In the long-running case of Asda Stores v Brierley and others, the Supreme Court ruled that, for the purposes of an equal pay claim, a group of female retail store employees could rely upon the work of mainly male depot distribution employees for comparison even though they are located at different sites.

Generally speaking, an equal pay claim can only progress if the claimant can establish a disparity between their contractual terms and those of an appropriate comparator of the opposite sex performing equal work at either:

  • the same establishment; or
  • a different establishment where “common terms” apply either generally or between the individual and their comparator.


Whilst the female retail store employees and their proposed depot comparators are all employees of Asda, they work from different establishments.

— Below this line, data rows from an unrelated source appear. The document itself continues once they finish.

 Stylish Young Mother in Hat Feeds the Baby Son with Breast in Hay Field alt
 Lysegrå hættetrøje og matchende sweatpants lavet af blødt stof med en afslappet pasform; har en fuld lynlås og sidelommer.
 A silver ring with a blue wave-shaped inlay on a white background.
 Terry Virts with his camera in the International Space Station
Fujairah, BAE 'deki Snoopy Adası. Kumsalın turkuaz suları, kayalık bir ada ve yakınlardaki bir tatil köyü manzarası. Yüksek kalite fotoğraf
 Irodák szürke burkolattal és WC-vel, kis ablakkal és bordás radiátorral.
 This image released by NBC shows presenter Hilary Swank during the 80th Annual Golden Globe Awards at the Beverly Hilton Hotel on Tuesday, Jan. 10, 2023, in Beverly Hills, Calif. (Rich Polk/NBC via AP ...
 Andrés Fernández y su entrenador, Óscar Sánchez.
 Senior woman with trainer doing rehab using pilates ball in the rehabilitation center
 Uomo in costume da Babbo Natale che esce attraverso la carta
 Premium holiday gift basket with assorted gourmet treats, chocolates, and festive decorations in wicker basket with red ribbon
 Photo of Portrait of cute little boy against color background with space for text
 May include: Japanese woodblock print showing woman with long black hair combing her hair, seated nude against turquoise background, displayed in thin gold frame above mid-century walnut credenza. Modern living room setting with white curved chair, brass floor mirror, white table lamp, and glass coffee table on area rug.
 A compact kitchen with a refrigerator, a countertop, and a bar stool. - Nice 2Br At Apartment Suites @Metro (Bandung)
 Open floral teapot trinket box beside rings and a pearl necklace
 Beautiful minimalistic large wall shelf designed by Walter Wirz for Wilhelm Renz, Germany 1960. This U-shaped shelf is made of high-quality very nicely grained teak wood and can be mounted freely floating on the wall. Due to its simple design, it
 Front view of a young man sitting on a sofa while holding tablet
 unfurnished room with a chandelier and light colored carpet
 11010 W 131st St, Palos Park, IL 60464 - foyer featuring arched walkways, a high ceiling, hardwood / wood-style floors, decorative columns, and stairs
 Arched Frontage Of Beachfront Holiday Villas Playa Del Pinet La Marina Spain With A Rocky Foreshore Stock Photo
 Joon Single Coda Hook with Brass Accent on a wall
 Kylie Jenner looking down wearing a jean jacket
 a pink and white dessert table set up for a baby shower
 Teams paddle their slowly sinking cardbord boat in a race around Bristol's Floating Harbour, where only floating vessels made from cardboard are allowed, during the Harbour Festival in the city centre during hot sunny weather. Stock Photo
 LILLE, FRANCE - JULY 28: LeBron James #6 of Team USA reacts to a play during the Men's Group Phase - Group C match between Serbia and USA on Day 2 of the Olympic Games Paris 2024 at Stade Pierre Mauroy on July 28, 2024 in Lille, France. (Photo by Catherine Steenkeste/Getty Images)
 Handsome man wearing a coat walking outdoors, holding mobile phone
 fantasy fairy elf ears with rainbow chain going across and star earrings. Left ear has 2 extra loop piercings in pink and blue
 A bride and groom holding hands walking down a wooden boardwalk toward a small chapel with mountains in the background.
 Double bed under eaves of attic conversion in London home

In these circumstances, the concept of whether “common terms” apply to both establishments had to be considered.

As no depot workers worked in stores and vice versa, the Supreme Court confirmed that it was necessary to determine whether the depot workers would have been employed on broadly similar terms to their current ones if they had hypothetically worked at the same site as the retail store workers (regardless of how unlikely this might be). At the initial stages, the Employment Tribunal had found that the distribution employees would have been employed on substantially the same terms in these circumstances and the Supreme Court did not interfere with that decision. The depot workers were therefore appropriate comparators.

This is however far from the end of this litigation. To succeed with their claim, the female workers will need to go on to establish that their work is of ‘equal value’ to their male comparators, and any differential in pay will need to be found to be due to gender and not a material, non-discriminatory, reason.